What Is A/B Testing?
Also known as split testing, A/B testing is a process where two variations of a web page run at the same time. One is the control, which tends to be the existing web page, while the second has the alternate adjustment. At the end of the test period, you can see which version of the web page led to more conversions. You can also conduct A/B testing through several variations of a web page, though the name most commonly refers to comparing two options.
When it comes to CRO, A/B testing automatically gives you a sense of which page performs better and can help you perform data-driven changes.
What Elements Should You Include in A/B Testing?
The most successful tests are those that have a clear structure. As such, you want to form a clear hypothesis about what change will likely improve your conversion rates and then find a tangible way to test it. Some common and deceiving simple changes that can help with conversion rates are:
- Sales copy and product descriptions
- Design and layout
- Graphics and images
- Marketing emails
Generally, when you start out with A/B testing, it’s best to only make one change at a time on a web page so that you can be certain that the change you’ve implemented is the cause of your conversion rate adjusting. Otherwise, you risk ending up with conflicting or uncertain data, which doesn’t help. That’s why structuring your tests is so essential.
Understanding Your Results
When you dive into the world of A/B testing, you can end up with outstanding CRO results. However, this involves having a clear understanding of your data. Something that appears to be a breakthrough change at first glance may not even be statistically significant enough to count as a clear indicator of cause and effect.
To help ensure you’re getting reliable results, you will need to understand statistics when interpreting the data.
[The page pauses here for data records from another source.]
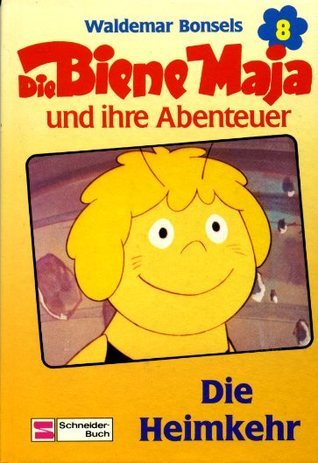 Die Biene Maja und ihre Abenteuer / Die Heimkehr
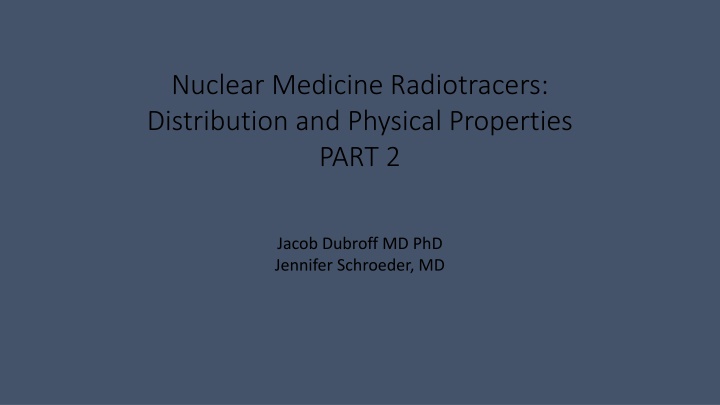 nuclear medicine radiotracers distribution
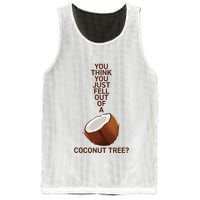 You Think You Just Fell Out Of A Coconut Tree Mesh Reversible Basketball Jersey Tank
You will also need to make sure that you’re running your tests long enough to collect an accurate sample size – but not so long that you delay gaining any worthwhile results in the process.
What to Do Once You Complete A/B Testing
Once you’ve found the change that brings you increased conversions, there’s only one thing to do: keep testing. You may rerun a test to confirm results or select a new variable to work with. If you have a lot of site traffic, also consider multivariate testing where you can combine different variations of elements to find the most effective combination for achieving your conversion goals.